For three hundred years the Hermitage lasted, and a long line of hermits lived here. Some were pious and industrious, keeping the road in repair; others had neither piety nor industry, spent their time in taverns, were smiters, and got drunk and fought, so that the road became scandalously neglected, and many Colchester worthies received apostolical black eyes from eremitical fists. Such an one must have been the hermit who lived here in the reign of Henry the Fifth, and was indicted in 1419 for having an unclean ditch. Finally, in 1535, when the dissolution of the monasteries took place, the Hermitage was closed, and the then occupant turned out, with a warning that if he solicited alms henceforward he would be regarded as a "sturdy beggar," and dealt with accordingly.
The road to Ipswich was the scene, in the second half of the seventeenth century, shortly after the first coaches had started running, of many highway robberies. The borough of Colchester was deeply concerned at this lawlessness, and in 1679 three men were rewarded with £6, 8s. between them "for apprehending those y^t robbed the Ipswich coach." Again, in September 1698, three men were rewarded "for pursuen hiewaymen," and for "going to Ardlegh" on that business; but as they received only two shillings each and an extra shilling for "drinck," it looks as though the pursuit was unsuccessful.
The high road, to which we have now returned, has already been described as an excellent highway, but Dilbridge, a hamlet, and a roadside inn on what was once Ardleigh Heath, alone break its solitude. It has, however, the advantage of commanding the best general view of Colchester, with the inevitable Jumbo prominent, and the new-risen Town Hall tower in rivalry with it.
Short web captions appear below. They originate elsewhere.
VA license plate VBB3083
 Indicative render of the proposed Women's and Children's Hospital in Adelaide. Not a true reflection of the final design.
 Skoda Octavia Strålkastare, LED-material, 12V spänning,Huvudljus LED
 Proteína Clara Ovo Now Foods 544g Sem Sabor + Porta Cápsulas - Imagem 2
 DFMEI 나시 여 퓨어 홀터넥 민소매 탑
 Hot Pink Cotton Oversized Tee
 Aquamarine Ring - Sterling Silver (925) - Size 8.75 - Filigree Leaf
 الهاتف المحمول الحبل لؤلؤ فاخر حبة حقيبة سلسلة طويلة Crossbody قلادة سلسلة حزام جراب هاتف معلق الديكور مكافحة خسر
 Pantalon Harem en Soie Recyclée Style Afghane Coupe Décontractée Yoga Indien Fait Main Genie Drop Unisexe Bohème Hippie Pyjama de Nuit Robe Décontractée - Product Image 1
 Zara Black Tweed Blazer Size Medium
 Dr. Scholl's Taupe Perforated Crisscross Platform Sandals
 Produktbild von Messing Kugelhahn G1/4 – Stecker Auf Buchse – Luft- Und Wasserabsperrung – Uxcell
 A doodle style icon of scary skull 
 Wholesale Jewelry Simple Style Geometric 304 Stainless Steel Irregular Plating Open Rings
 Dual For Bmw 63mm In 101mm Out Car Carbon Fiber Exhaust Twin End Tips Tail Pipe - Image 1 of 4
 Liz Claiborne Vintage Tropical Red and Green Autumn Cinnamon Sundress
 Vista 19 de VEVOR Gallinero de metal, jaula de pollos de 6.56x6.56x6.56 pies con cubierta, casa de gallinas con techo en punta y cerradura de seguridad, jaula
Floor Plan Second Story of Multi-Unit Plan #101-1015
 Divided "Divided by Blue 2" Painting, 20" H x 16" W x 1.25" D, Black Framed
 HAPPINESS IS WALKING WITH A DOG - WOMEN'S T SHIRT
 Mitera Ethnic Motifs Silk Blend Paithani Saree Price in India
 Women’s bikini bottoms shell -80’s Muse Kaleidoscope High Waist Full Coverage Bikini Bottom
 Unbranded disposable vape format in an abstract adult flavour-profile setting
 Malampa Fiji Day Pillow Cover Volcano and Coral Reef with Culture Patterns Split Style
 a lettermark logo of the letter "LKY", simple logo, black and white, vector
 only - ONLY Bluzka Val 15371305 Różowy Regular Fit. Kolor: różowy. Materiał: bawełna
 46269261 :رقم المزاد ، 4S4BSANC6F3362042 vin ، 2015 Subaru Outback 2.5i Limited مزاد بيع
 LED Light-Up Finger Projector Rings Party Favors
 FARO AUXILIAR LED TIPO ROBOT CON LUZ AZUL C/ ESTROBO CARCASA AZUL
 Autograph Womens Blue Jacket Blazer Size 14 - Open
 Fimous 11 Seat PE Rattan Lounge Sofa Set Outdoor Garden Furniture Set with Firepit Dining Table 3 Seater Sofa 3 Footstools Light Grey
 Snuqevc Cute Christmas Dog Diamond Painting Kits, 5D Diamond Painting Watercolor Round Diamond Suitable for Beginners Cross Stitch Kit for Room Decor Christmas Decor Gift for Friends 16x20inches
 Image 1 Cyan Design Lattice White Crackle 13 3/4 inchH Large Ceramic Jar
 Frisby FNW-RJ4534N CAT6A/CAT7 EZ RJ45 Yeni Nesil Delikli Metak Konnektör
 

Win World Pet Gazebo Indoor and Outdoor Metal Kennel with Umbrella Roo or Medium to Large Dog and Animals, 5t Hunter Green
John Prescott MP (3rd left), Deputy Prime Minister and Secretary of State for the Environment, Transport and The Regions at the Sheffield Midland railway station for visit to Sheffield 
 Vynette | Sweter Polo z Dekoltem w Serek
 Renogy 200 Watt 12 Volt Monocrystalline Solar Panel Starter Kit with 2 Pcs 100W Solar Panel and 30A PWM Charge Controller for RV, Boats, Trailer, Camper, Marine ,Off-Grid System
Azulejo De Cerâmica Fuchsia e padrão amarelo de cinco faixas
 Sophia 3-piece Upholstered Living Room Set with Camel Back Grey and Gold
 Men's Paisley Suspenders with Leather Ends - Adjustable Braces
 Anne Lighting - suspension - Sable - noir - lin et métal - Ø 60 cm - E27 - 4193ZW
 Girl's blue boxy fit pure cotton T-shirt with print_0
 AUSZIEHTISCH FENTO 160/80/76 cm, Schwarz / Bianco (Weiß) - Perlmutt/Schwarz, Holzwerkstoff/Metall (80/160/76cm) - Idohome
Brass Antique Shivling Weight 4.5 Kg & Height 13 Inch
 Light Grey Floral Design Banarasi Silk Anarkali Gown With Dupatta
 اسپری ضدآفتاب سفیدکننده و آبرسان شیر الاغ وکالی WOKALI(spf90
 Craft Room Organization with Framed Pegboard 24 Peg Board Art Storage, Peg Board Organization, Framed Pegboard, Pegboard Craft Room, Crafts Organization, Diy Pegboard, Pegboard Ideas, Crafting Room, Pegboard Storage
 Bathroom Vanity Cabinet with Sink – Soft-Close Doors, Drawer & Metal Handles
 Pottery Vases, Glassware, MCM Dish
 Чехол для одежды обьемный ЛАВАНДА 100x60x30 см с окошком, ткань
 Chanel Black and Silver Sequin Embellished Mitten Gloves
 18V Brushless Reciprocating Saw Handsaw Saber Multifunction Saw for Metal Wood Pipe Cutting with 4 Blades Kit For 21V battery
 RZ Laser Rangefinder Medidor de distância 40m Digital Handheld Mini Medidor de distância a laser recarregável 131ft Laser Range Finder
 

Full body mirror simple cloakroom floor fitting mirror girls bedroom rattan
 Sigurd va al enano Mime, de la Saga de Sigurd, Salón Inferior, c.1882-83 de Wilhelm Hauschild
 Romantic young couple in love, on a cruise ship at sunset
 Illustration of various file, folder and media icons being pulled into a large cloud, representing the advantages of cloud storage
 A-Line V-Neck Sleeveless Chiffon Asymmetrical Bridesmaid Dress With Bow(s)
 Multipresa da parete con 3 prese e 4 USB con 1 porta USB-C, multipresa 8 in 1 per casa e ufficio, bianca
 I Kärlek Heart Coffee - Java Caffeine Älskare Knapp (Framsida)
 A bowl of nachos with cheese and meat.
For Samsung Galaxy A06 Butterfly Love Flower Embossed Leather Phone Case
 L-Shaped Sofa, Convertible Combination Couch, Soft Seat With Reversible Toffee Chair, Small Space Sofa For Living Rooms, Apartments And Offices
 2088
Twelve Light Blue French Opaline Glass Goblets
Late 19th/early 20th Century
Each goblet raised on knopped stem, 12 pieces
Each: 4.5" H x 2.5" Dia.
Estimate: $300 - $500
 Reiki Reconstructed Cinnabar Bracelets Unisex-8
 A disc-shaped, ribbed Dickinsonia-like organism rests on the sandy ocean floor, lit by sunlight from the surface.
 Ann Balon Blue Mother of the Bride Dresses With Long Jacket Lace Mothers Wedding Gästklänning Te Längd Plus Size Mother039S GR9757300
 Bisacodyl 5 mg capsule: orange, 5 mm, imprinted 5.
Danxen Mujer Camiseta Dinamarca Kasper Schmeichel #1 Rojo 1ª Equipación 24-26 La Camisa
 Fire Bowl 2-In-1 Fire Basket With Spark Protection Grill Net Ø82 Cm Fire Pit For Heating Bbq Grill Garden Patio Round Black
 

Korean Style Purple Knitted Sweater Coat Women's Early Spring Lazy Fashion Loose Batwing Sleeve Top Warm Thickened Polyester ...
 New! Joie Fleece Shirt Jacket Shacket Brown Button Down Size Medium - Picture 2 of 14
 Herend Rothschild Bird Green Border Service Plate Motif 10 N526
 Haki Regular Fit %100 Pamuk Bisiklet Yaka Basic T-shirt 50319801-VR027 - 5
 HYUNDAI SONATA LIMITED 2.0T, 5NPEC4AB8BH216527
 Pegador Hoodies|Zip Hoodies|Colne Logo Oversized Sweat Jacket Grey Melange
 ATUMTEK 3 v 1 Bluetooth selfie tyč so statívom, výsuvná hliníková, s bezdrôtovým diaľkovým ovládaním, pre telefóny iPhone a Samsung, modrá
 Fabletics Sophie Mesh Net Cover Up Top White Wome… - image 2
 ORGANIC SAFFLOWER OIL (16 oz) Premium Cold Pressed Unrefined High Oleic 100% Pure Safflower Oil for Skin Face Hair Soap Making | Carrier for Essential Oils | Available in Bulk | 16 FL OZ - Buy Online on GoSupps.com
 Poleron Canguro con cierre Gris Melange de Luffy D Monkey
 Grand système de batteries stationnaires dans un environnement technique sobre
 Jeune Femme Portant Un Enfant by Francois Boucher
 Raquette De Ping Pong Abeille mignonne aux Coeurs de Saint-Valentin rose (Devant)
Suddenly, when six miles from Colchester, the road changes its character and drops sharply down by an almost precipitous descent, to where a lazy river is seen flowing picturesquely in loops and bends between the grey-green foliage of willows lining either bank. It flows through a land of rich green meadows and yellow cornfields; a land, too, of noble elms and oaks. In the far distance the waters of a salt estuary sparkle in the sun, while in between, from this Pisgah height, rises the tall tower of a church. The river is the Stour, dividing Essex and Suffolk, and the pleasant vale, the Vale of Dedham. The estuary is that of the Stour at Manningtree, and the church tower that of Dedham. This, indeed, is the Constable Country, and that fact explains the homelike and familiar look it wears, even to the stranger. Constable, born close by at East Bergholt, painted these scenes lovingly for over forty years, and remained constant to his native vale all his life. By the magic power that comes of sympathy, he transferred the spirit of these lanes and fields and trees to canvas as faithfully as he did their form and colour; with the result that the veriest stranger viewing them becomes reminiscent.